Conductor replaces this volatility with the concept of managed artifacts. By anchoring the project's identity in markdown files, the AI agent is forced to read the coding standards and product goals every time it is invoked. Because these files live in Git, the context evolves alongside the code. If a technical decision changes, the developer updates the `tech-stack.md` file, and the AI immediately adopts the new rule across all future tasks. This transforms the AI from an unpredictable collaborator into a deterministic executor.
This control is further tightened through a human-in-the-loop mechanism. Before any code is written via the `/conductor:implement` command, the developer must review and manually edit the `plan.md` file. If the AI's proposed path is too broad or logically flawed, the developer corrects the text of the plan. This prevents the costly mistake of discovering a directional error only after the AI has rewritten a dozen files. The process is governed by six primary commands: `setup`, `newTrack`, `implement`, `status`, `revert`, and `review`.
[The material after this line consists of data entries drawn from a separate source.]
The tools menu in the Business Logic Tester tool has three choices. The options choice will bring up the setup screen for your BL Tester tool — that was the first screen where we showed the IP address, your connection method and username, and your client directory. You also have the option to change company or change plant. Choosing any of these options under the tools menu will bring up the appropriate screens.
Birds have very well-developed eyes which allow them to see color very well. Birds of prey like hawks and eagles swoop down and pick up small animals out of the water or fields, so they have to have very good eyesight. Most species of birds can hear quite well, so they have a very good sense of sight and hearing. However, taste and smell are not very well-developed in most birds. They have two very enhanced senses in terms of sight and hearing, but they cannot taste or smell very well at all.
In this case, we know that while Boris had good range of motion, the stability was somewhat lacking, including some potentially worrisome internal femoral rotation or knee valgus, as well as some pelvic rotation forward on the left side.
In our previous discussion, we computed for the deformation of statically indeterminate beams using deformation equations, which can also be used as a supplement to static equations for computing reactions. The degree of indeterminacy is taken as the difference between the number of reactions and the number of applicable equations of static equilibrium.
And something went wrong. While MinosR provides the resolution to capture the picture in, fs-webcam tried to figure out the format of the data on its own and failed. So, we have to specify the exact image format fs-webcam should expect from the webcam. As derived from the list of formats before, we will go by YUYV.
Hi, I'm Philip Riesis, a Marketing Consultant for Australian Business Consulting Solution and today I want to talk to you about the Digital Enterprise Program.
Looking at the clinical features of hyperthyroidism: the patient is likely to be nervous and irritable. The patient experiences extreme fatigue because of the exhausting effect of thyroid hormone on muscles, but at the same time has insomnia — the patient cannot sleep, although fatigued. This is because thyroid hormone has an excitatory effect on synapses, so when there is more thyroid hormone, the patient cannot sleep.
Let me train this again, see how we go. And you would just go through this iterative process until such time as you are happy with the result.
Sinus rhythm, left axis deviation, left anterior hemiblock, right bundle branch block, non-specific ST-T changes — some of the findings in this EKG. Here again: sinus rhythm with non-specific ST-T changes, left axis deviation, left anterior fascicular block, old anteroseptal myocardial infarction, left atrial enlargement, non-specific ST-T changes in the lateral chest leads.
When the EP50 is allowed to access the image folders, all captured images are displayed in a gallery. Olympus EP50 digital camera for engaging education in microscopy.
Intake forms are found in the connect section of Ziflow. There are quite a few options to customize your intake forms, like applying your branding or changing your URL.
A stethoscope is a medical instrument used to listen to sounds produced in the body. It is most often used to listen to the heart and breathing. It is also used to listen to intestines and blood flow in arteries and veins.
To start a new feature, the developer uses `/conductor:newTrack [feature_name]`, which generates `spec.md`, `plan.md`, and `status.md`. As the AI works through the implementation, it updates the status of tasks in the plan from `[ ]` (pending) to `[~]` (in progress) and finally to `[x]` (completed). This granular tracking allows developers to pinpoint exactly where a mistake occurred and roll back to a specific task-level commit without losing the entire session's progress.
This methodology culminates in the principle of Proof over Promise. In many AI workflows, the model claims a task is finished, and the developer trusts it until the code fails during runtime. Conductor flips this. Even if the AI claims a phase is complete, the workflow requires the developer to execute the code and manually verify the result before the AI is permitted to move to the next phase of the plan. The evidence of working code is the only currency that allows the project to advance.
When the `conductor/` directory is committed to the repository, the onboarding process for new human developers also changes. Instead of spending days reading outdated documentation or asking senior engineers about the project structure, a new hire can simply use the existing context artifacts to get the AI to explain the system to them. The tool does not just manage the AI; it documents the project in a way that is machine-readable and human-verifiable.
Ultimately, the productivity of AI-assisted engineering is not a function of the model's raw intelligence, but of the level of control the developer maintains over the process. By freezing context into physical files, Conductor ensures that the AI operates on evidence rather than intuition.